» **RECORDS PROVIDED**
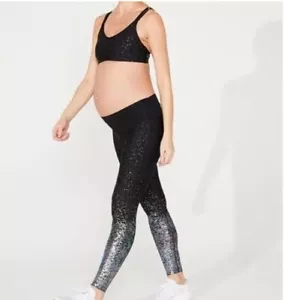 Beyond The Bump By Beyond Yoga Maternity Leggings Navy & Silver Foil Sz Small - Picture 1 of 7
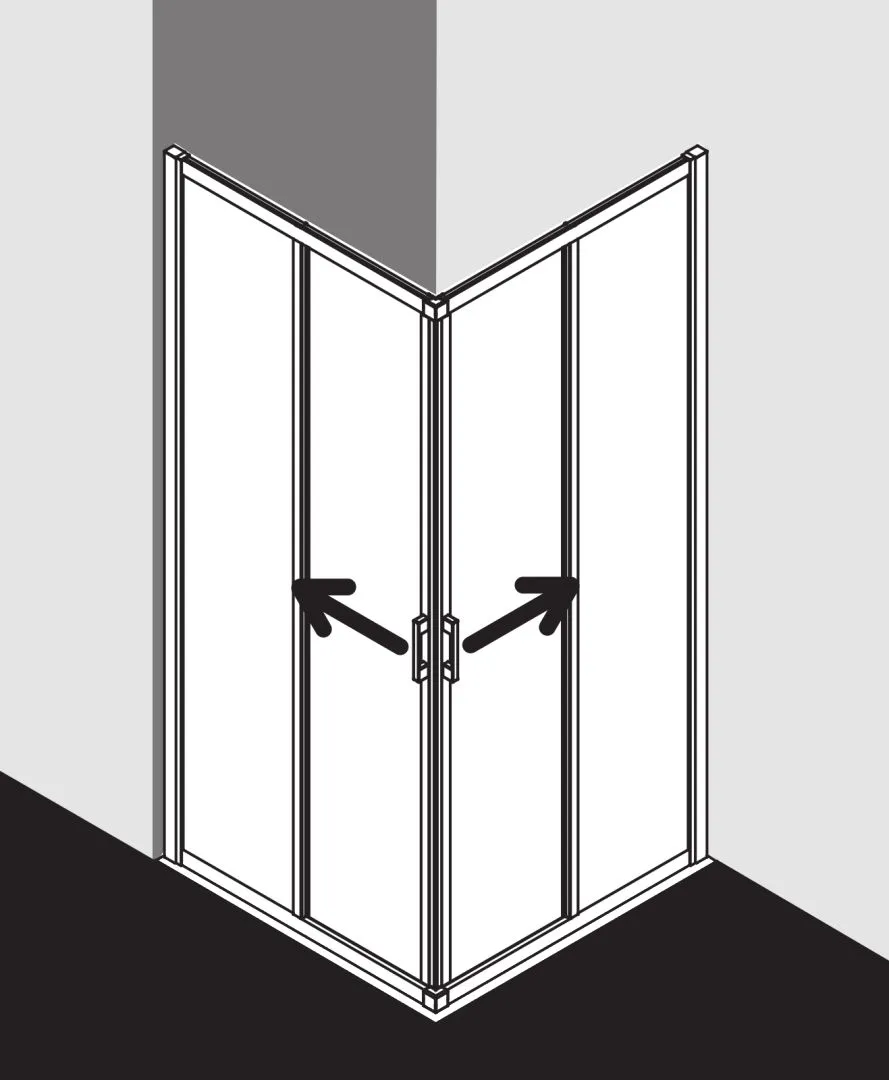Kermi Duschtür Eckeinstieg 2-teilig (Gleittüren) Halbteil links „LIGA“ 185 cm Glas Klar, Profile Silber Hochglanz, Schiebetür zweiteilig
* * *
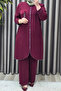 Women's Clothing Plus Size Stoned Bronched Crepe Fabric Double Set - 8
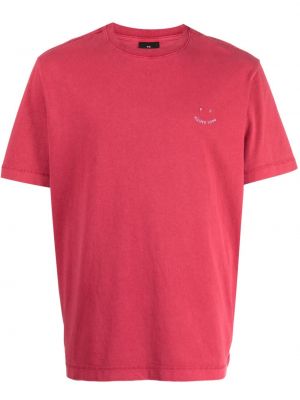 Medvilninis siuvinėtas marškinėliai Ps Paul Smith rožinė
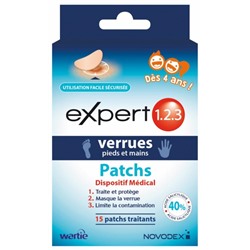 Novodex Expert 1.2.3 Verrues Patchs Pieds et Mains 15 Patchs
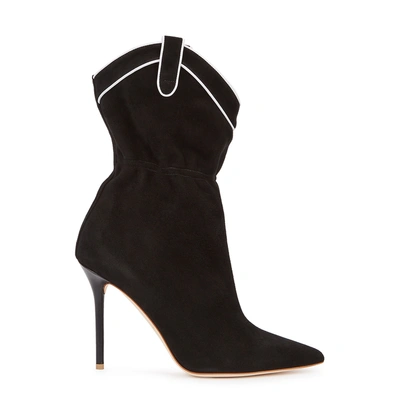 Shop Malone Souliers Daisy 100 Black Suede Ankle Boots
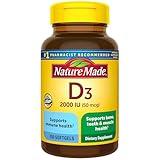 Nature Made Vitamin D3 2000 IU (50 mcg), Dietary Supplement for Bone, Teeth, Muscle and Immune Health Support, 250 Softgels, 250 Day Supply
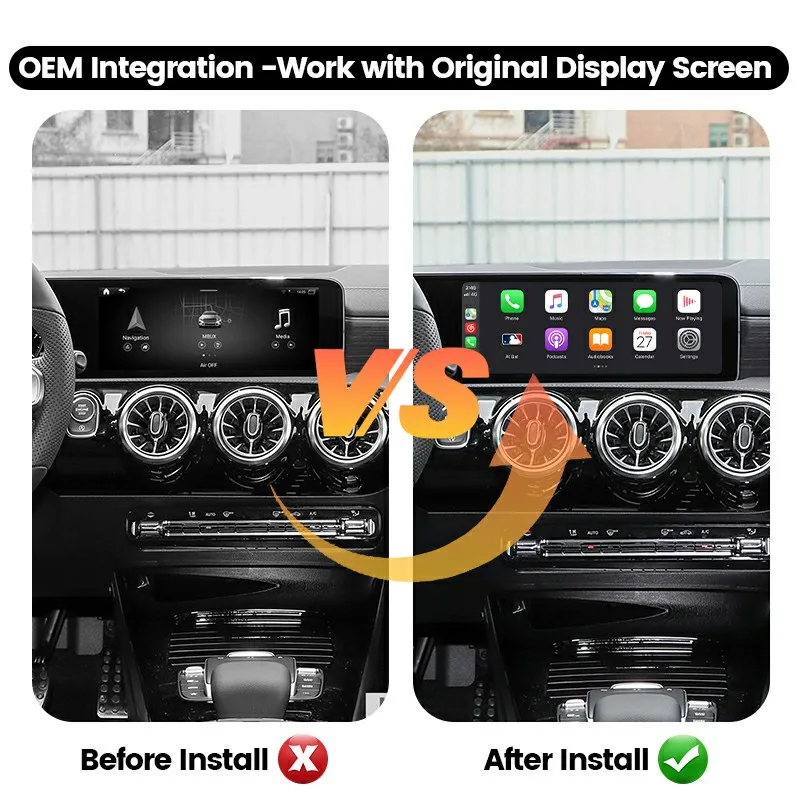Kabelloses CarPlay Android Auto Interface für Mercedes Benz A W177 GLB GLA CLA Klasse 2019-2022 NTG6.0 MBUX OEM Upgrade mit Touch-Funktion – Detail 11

» **INSTRUCTIONS FOR THE TASK**
Above are some records. Output exactly the lines from the one that contains "Medvilninis siuvinėtas marškinėliai" to the one that contains "Kabelloses CarPlay Android", keeping both, and omit the pictures.

» **EXERCISE RESPONSE**
 Medvilninis siuvinėtas marškinėliai Ps Paul Smith rožinė
 Novodex Expert 1.2.3 Verrues Patchs Pieds et Mains 15 Patchs
 Shop Malone Souliers Daisy 100 Black Suede Ankle Boots
 Nature Made Vitamin D3 2000 IU (50 mcg), Dietary Supplement for Bone, Teeth, Muscle and Immune Health Support, 250 Softgels, 250 Day Supply
Kabelloses CarPlay Android Auto Interface für Mercedes Benz A W177 GLB GLA CLA Klasse 2019-2022 NTG6.0 MBUX OEM Upgrade mit Touch-Funktion – Detail 11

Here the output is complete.